Source data Block Start

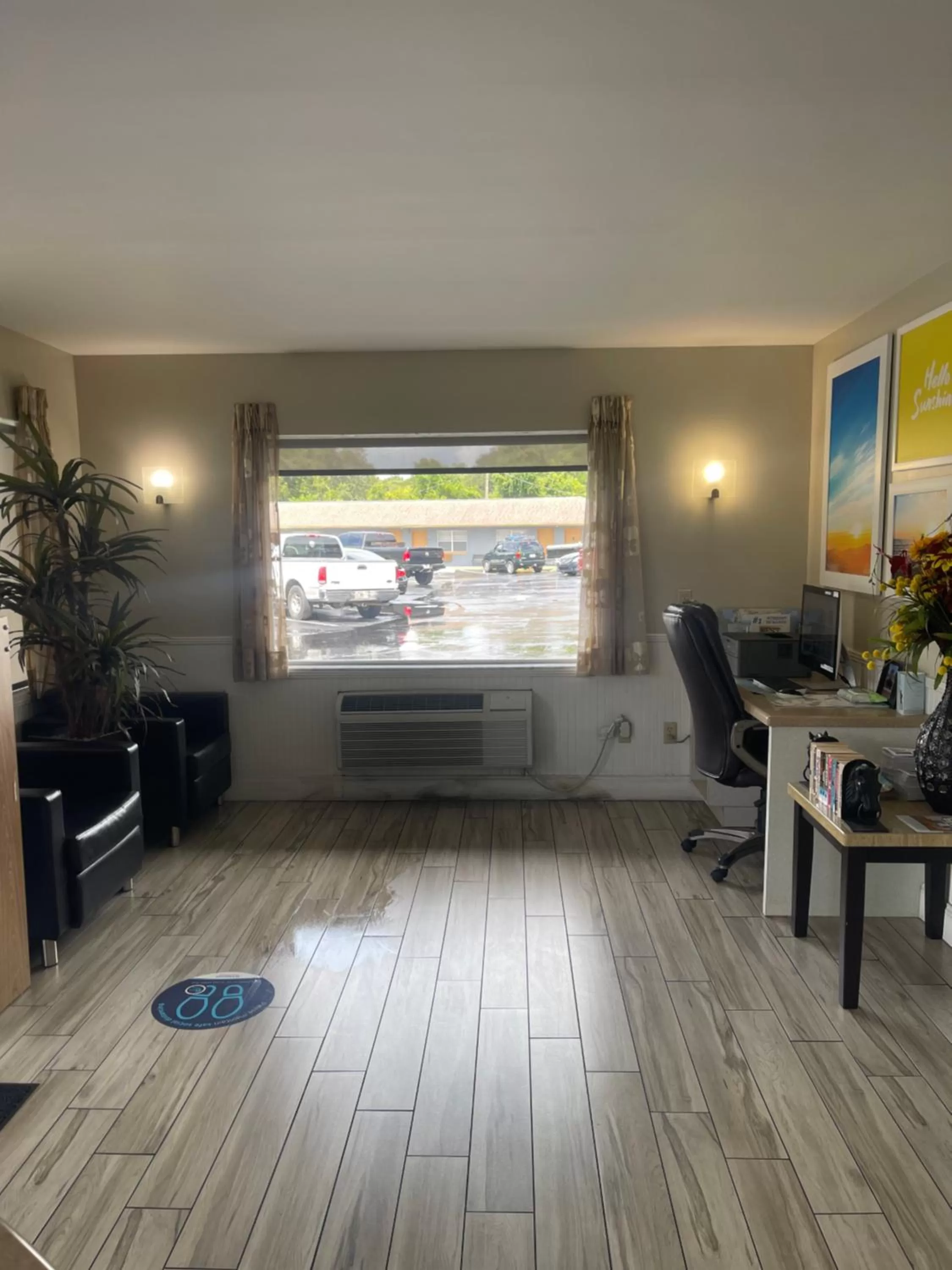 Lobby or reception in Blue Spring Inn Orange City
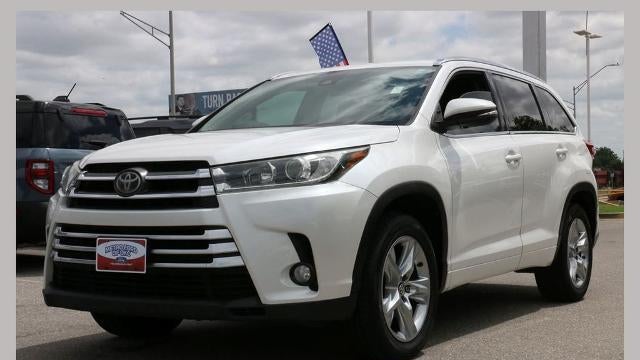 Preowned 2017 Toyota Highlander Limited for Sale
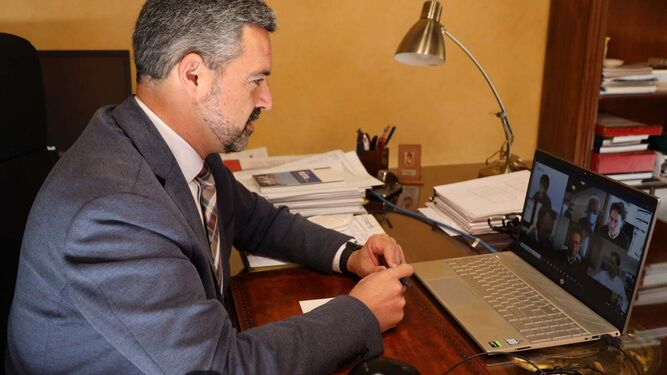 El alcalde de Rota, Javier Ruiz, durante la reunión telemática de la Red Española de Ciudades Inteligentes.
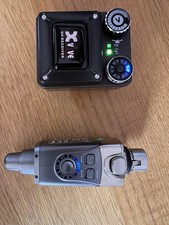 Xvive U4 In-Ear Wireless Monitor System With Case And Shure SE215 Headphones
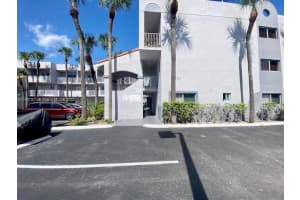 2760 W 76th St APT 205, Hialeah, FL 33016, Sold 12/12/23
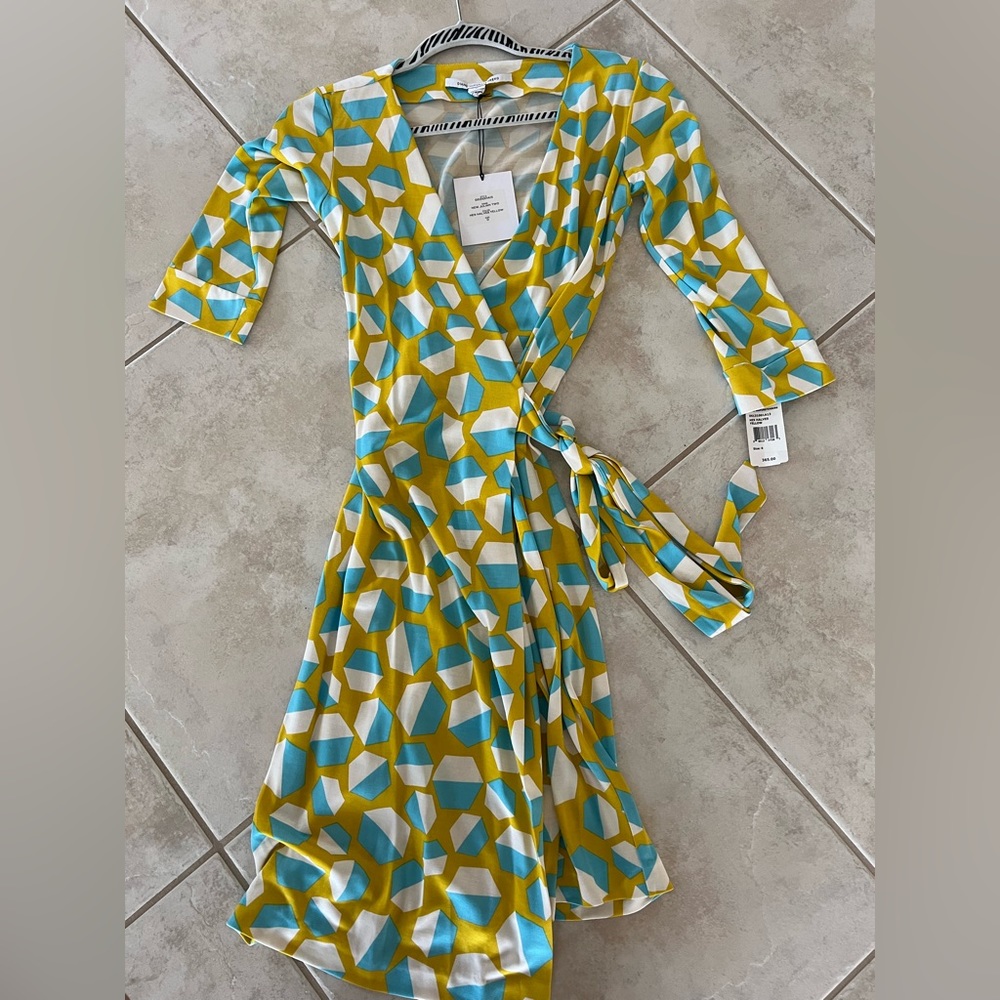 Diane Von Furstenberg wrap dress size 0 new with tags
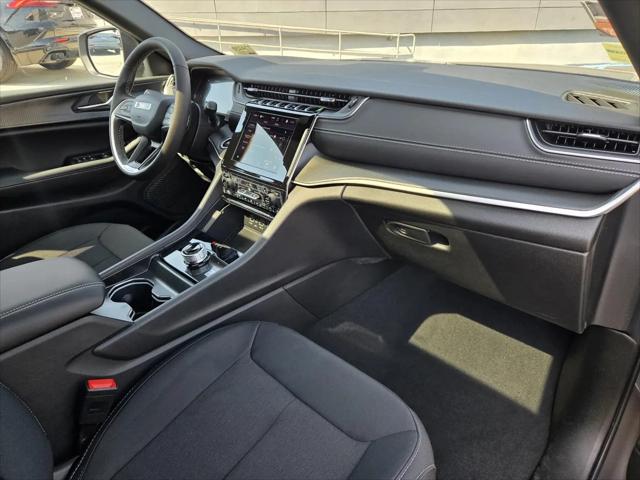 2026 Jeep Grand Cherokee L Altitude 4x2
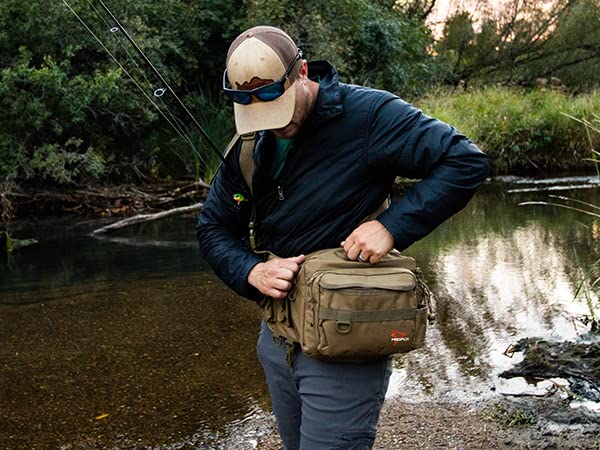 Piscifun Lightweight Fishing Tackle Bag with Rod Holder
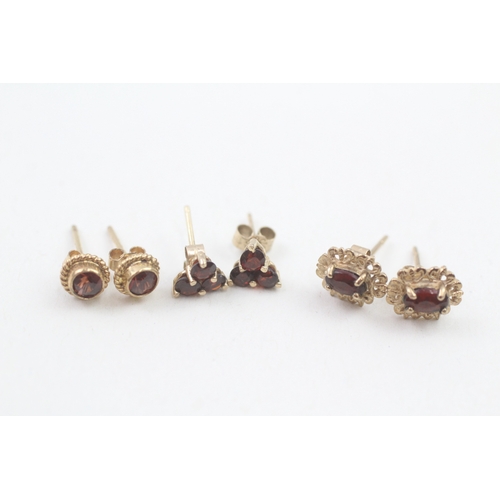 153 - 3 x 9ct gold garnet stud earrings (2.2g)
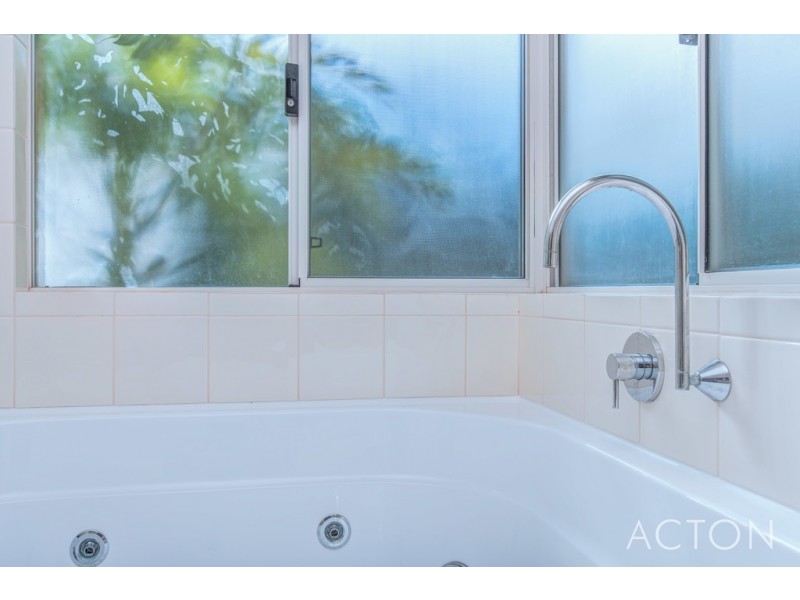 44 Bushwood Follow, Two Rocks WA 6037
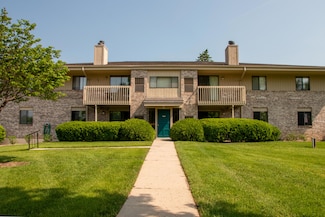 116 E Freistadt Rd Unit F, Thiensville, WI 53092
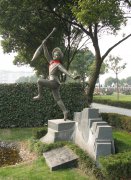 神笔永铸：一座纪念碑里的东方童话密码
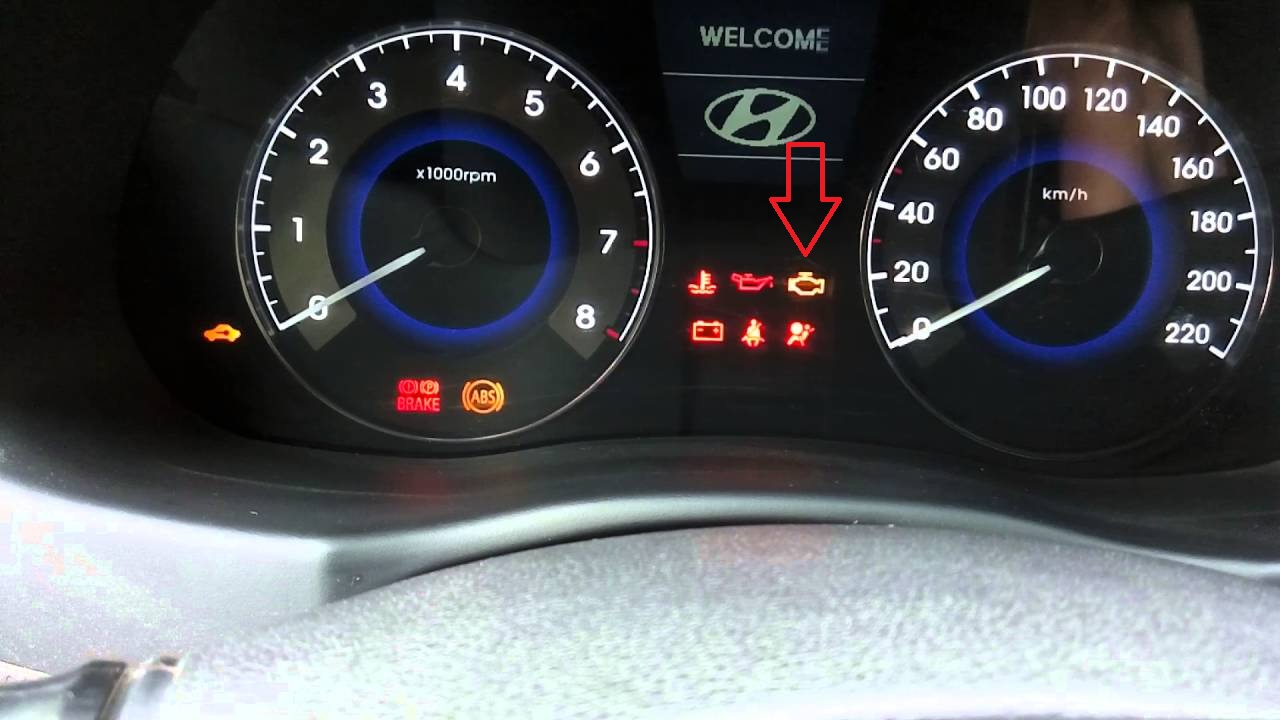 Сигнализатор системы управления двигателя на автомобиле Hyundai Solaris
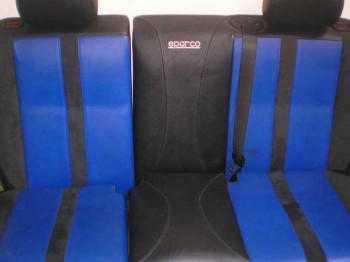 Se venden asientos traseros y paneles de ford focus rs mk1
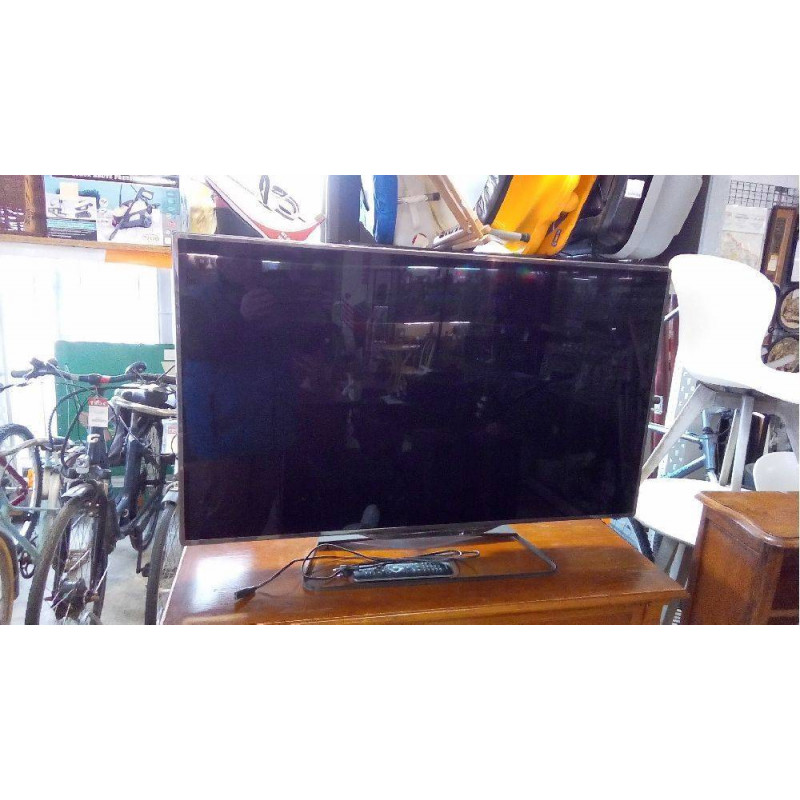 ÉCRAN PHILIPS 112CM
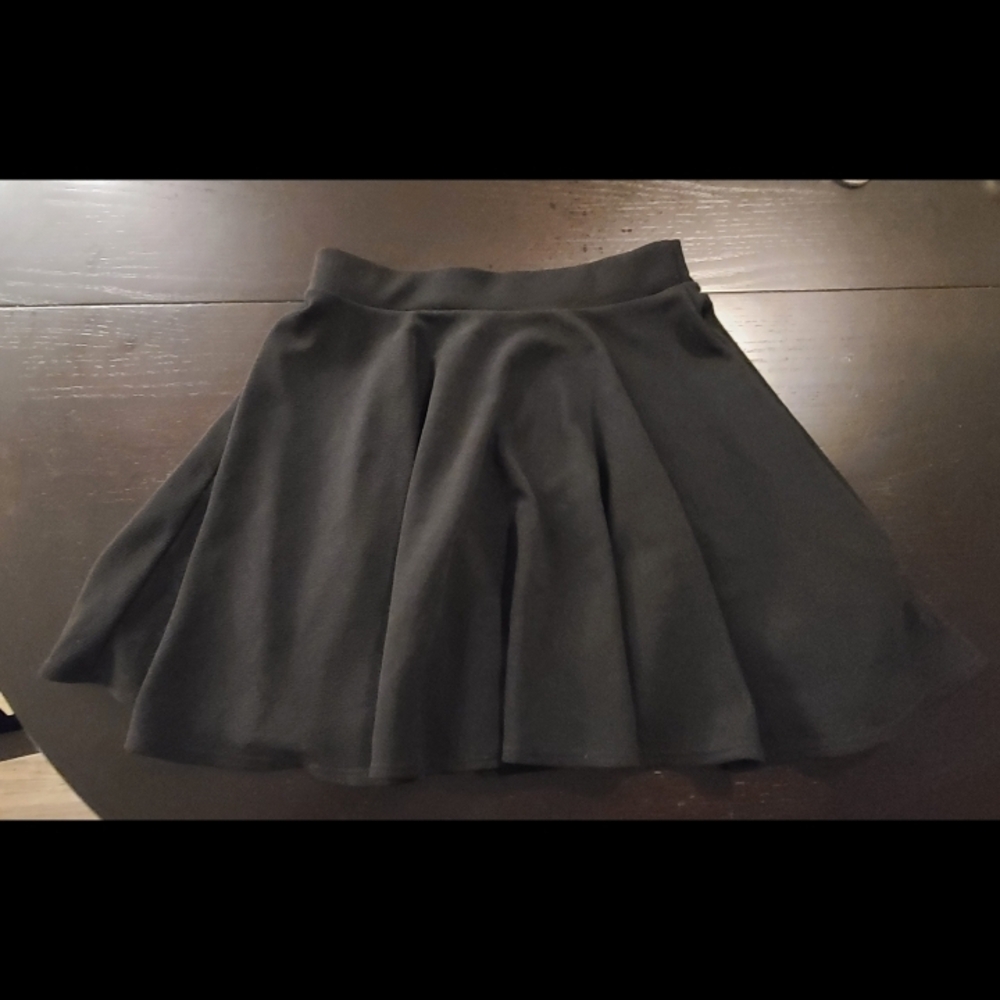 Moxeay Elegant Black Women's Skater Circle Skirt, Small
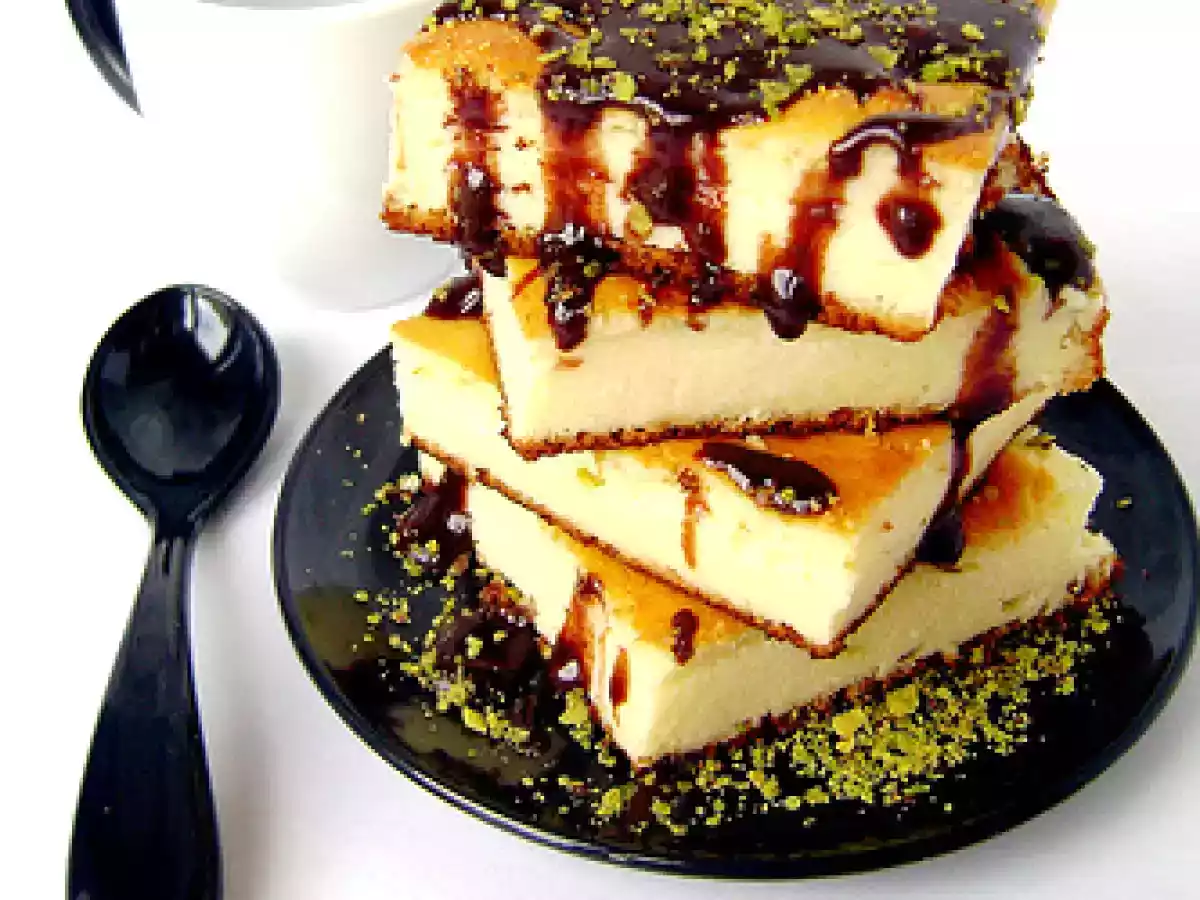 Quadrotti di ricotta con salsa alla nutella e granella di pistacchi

Source data Block End

# Task statement
Line by line, reproduce exactly the lines from the one containing "Diane Von Furstenberg" through the final line of the material, both included, leaving every picture out.

# Result for this exercise
 Diane Von Furstenberg wrap dress size 0 new with tags
 2026 Jeep Grand Cherokee L Altitude 4x2
 Piscifun Lightweight Fishing Tackle Bag with Rod Holder
 153 - 3 x 9ct gold garnet stud earrings (2.2g)
 44 Bushwood Follow, Two Rocks WA 6037
 116 E Freistadt Rd Unit F, Thiensville, WI 53092
 神笔永铸：一座纪念碑里的东方童话密码
 Сигнализатор системы управления двигателя на автомобиле Hyundai Solaris
 Se venden asientos traseros y paneles de ford focus rs mk1
 ÉCRAN PHILIPS 112CM
 Moxeay Elegant Black Women's Skater Circle Skirt, Small
 Quadrotti di ricotta con salsa alla nutella e granella di pistacchi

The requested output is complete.